Mental health professionals typically protest cross-examinations that challenge their too often ill-informed opinions.  While protesting, they may offer anecdotal evidence or idiosyncratic experiences attempting to defend themselves.  More often than not, these attempts are less than responsive to the questions directed at them.  In particular, mental health professionals often attempt to deny, minimize, or rationalize the findings reported in peer-reviewed journals.  At PsychLaw.net we feel their attempts in this regard warrant the following sequence of questions to maintain control of the cross examination:

  1. You understand that I am not interested in your unsubstantiated opinions — Correct?
  2. Consistent with your ethical obligation to maintain familiarity with developments in your field, I want to know what peer-reviewed articles support your opinions — Correct?
  3. And you do understand the difference between unsubstantiated opinion and peer-reviewed articles — Correct?

By now, you have noticed how most of our cross-examination questions end with the direct phrase, “Correct?”  We at PsychLaw.net have developed the questions in this manner to assist attorneys in maintaining control of the cross-examination procedure.  If given the opportunity, many mental health professionals will suggest why they regard various cross-examination questions as inappropriate.  Other mental health professionals may protest an approach that limits their answers.  Consider, for example, how a psychologist objected to this type of cross-examination:

Psych:         “You’re asking me about something that you have read and that I’m getting from you which is your, you know, synopsis of it.  I haven’t read it, and you’re asking me ‘Correct, correct.’ All I can say is this is what you’re telling me but I cannot tell you specifically anything about the article because I myself haven’t read it.”

Professionals who express these kinds of protests can be questioned in the following manner:

  1. You previously acknowledged the significance of peer-reviewed journals — Correct?
  2. Do you understand that when I refer to peer-reviewed articles, I will ask you to assume – consistent with a peer-reviewed article – that something is true.
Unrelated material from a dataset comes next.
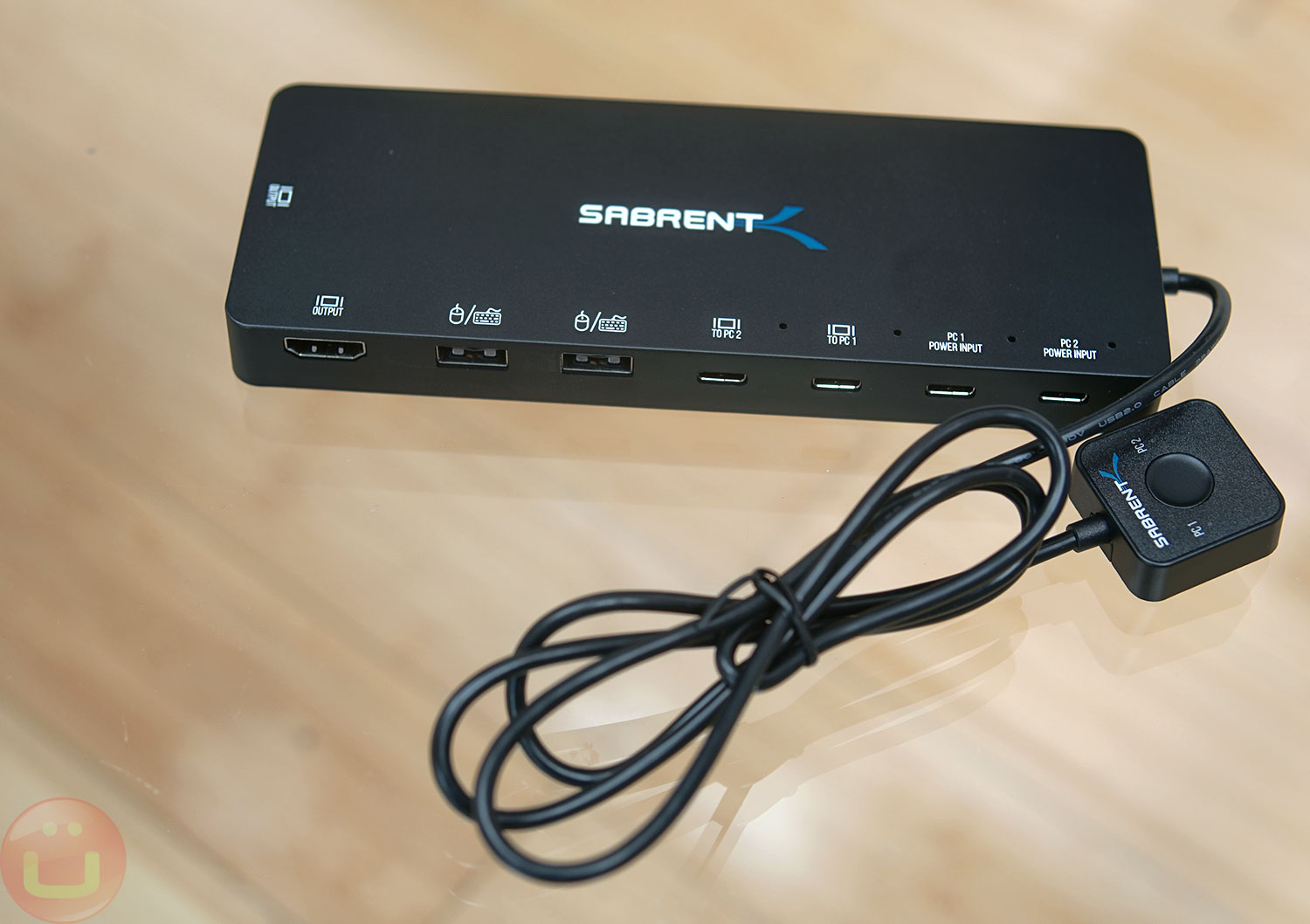 SABRENT USB Type C Dual KVM Switch Review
Do you understand that kind of question?
  3. In other words, do you understand that when I refer to peer-reviewed articles in your field, I am asking you to hypothetically assume that something is true?
  4. And when I end my questions by asking “Correct,” do you understand that I am trying to focus you on the issue on at hand?
  5. You prefer to respond to my questions in a focused, relevant manner as opposed to an unfocused, irrelevant manner — Correct?

 Overview

Unlike other critics of mental health professionals, we at PsychLaw.net contend that these professionals can assist the legal process. When mental health professionals express opinions well supported by relevant data, they can assist a trier of fact to better understand issues in dispute.  Expert testimony premised on relevant research deserves respect from the legal system.   Expert testimony premised on intuitive hunches and ill-conceived theories, however, deserves well prepared cross examination to effectively discredit it.

 

[1].       American Psychological Association (1992). Ethical principles of psychologists and code of conduct.  American Psychologist, 47, 1597-1611.

[2].       National Association of Social Workers (15 August 1996). Code of ethics: Adopted by the NASW Delegate Assembly August 15, 1996, Effective January 1, 1997.  Author: Washington, D.C.

[3].       American Association for Marriage and Family Therapy (August/September 1998).  AAMFT Code of Ethics, effective July 1, 1998. , p. 10-11.